** What the exercise asks **
Of all the lines in the records below, copy only those that contain the string "Green".

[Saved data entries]
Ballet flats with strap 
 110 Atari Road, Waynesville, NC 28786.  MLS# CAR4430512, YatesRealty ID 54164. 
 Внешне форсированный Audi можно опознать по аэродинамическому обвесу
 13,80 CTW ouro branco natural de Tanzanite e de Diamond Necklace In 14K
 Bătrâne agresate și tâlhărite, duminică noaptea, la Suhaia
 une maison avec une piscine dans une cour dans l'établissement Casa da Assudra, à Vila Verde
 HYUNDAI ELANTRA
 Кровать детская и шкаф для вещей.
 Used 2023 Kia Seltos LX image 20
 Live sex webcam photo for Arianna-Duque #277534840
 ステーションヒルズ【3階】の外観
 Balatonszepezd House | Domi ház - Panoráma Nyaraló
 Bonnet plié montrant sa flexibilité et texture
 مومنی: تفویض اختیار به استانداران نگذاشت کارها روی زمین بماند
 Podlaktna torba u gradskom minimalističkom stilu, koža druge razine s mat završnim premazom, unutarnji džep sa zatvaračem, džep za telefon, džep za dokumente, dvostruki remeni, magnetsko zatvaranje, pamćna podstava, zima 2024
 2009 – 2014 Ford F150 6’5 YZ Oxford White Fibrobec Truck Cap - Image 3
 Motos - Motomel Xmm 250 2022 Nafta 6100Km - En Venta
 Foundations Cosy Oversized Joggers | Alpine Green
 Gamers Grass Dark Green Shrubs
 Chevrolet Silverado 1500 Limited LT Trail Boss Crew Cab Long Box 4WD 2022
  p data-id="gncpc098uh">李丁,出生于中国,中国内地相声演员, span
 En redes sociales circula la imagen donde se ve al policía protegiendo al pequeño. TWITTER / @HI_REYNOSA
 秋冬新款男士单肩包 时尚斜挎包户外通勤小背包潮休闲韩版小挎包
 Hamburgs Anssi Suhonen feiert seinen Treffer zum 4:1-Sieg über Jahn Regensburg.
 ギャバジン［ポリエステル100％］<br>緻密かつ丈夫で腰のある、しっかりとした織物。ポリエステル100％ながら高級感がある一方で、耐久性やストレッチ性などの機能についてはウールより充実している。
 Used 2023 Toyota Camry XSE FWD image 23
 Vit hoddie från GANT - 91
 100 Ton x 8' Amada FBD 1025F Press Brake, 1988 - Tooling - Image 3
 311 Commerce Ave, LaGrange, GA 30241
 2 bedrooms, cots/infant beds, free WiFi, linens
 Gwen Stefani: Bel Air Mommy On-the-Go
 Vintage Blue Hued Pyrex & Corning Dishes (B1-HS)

** The completed task **
 Foundations Cosy Oversized Joggers | Alpine Green
 Gamers Grass Dark Green Shrubs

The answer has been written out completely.